:: Provided information
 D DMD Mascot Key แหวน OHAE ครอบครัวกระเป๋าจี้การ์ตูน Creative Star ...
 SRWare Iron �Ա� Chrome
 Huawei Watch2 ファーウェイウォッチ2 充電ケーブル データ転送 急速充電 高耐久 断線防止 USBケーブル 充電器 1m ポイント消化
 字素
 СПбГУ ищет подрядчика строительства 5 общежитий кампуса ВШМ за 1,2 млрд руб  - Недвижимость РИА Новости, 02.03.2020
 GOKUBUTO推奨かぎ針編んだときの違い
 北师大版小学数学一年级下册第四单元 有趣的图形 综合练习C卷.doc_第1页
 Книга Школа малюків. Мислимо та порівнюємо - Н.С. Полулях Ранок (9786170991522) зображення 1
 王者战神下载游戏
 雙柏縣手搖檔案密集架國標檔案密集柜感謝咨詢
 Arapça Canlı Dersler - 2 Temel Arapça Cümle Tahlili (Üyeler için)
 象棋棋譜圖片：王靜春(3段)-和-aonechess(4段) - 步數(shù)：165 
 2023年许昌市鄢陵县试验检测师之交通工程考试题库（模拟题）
::::
Every record in the listing above is to be copied exactly.

 D DMD Mascot Key แหวน OHAE ครอบครัวกระเป๋าจี้การ์ตูน Creative Star ...
 SRWare Iron �Ա� Chrome
 Huawei Watch2 ファーウェイウォッチ2 充電ケーブル データ転送 急速充電 高耐久 断線防止 USBケーブル 充電器 1m ポイント消化
 字素
 СПбГУ ищет подрядчика строительства 5 общежитий кампуса ВШМ за 1,2 млрд руб  - Недвижимость РИА Новости, 02.03.2020
 GOKUBUTO推奨かぎ針編んだときの違い
 北师大版小学数学一年级下册第四单元 有趣的图形 综合练习C卷.doc_第1页
 Книга Школа малюків. Мислимо та порівнюємо - Н.С. Полулях Ранок (9786170991522) зображення 1
 王者战神下载游戏
 雙柏縣手搖檔案密集架國標檔案密集柜感謝咨詢
 Arapça Canlı Dersler - 2 Temel Arapça Cümle Tahlili (Üyeler için)
 象棋棋譜圖片：王靜春(3段)-和-aonechess(4段) - 步數(shù)：165 
 2023年许昌市鄢陵县试验检测师之交通工程考试题库（模拟题）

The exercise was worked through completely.